## EXERCISE REQUIREMENTS
Find the line with "Лот: 15274663. Фото: 2." in the data below. Repeat it and every line after it exactly, but not the pictures.
==*==
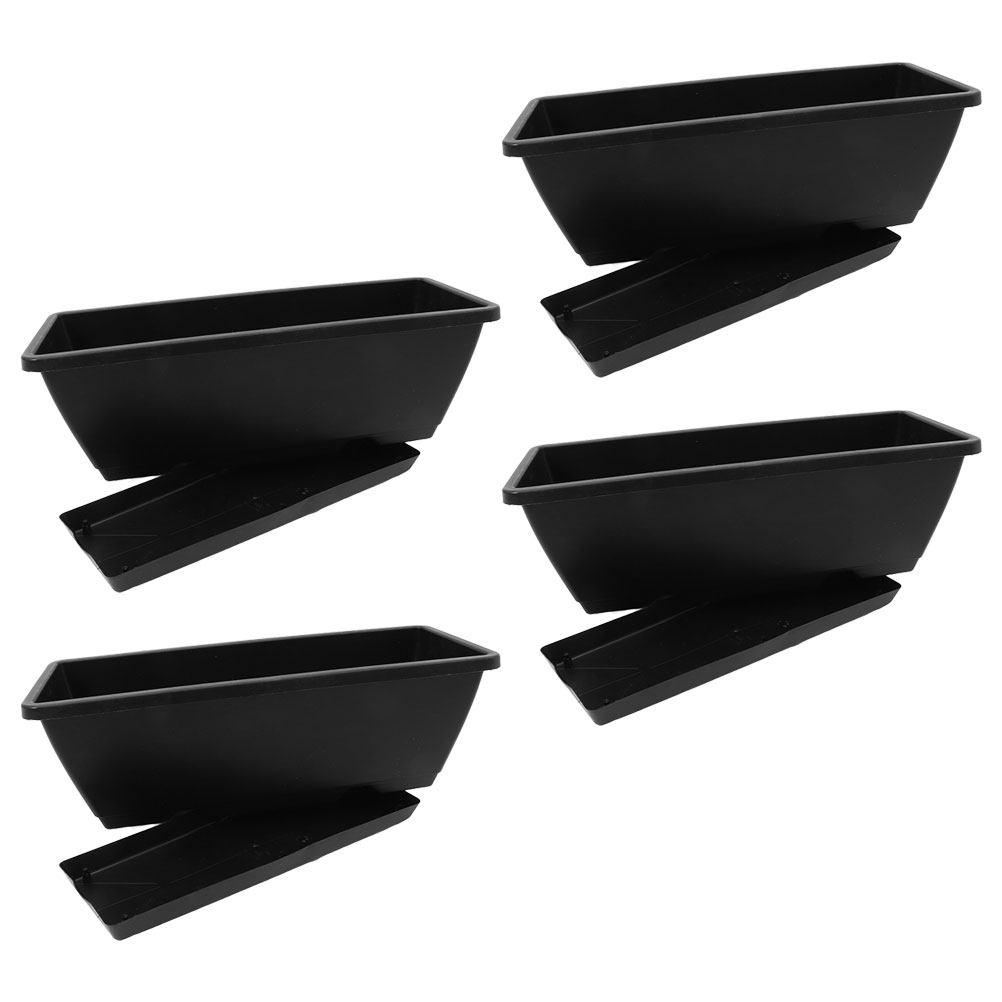 4pcs 50cm Extra Large Rectangular Planting Flower Pot Garden Pots Window Box Planter Vegetable Growing Container With Water Tray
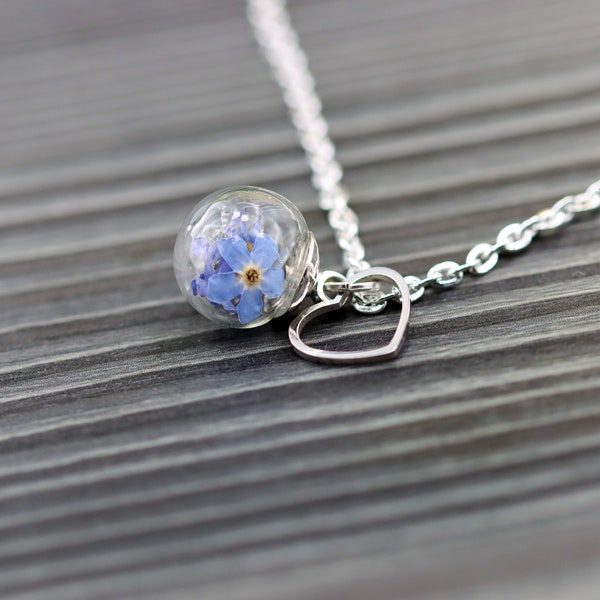 Glass Pendant "Forget-me-not" ball heart pendant glass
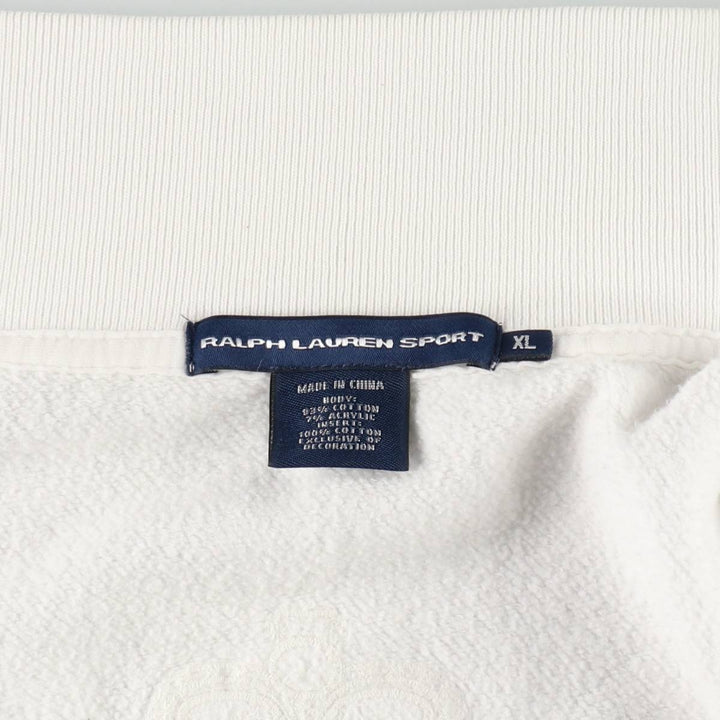 Ralph Lauren RALPH LAUREN SPORT Full-Zip Sweatshirt, Women's Size XL (approx.) cotton pale white type Vintage Second Hand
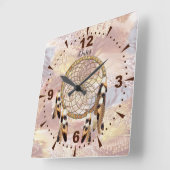 Dream Catcher-Wohngestaltung Quadratische Wanduhr (Winkel)
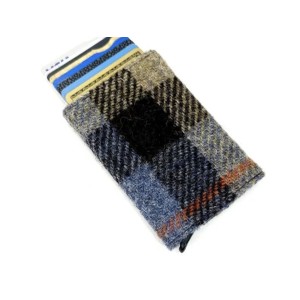 Harris Tweed Pop Up Card Holder Blue Brown Check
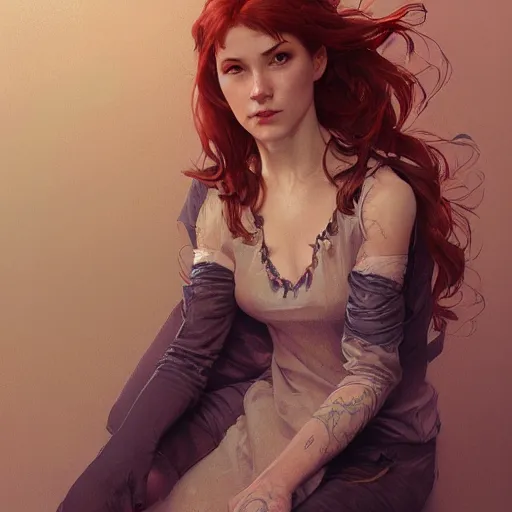 Image similar to A full portrait of Mary Jane Watson, intricate, elegant, highly detailed, digital painting, artstation, concept art, smooth, sharp focus, illustration, art by Krenz Cushart and Artem Demura and alphonse mucha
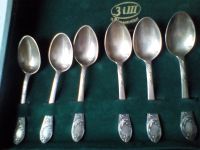 Лот: 15274663. Фото: 2. Мельхиоровый набор столовых 24... Посуда, кухонная утварь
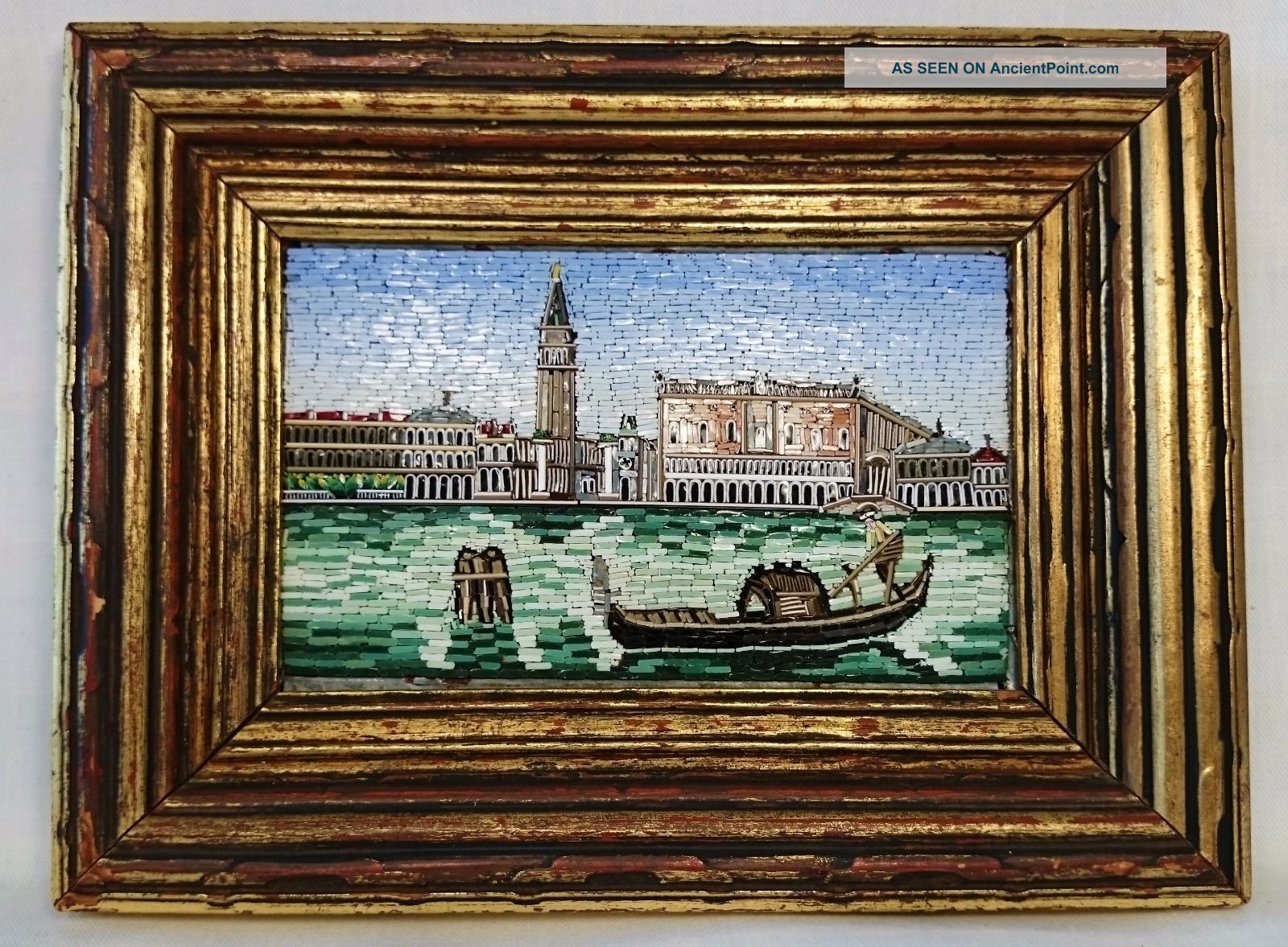 Grand Tour 1920 ' S Micro Mosaic Venice Italy Glass Plaque In Frame Other Antique Decorative Arts photo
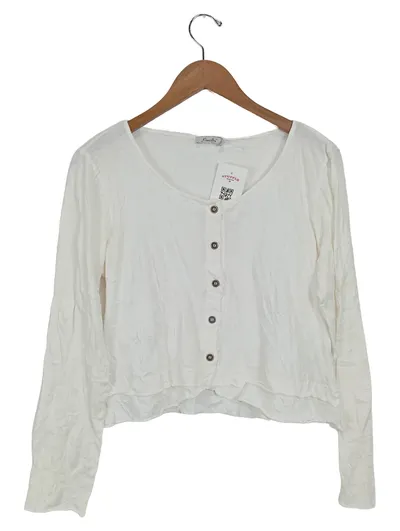 SimClan Damen Langarmshirt Gr. 40/L Weiß Casual Knopfleiste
==*==
## THE ANSWER
 Лот: 15274663. Фото: 2. Мельхиоровый набор столовых 24... Посуда, кухонная утварь
 Grand Tour 1920 ' S Micro Mosaic Venice Italy Glass Plaque In Frame Other Antique Decorative Arts photo
 SimClan Damen Langarmshirt Gr. 40/L Weiß Casual Knopfleiste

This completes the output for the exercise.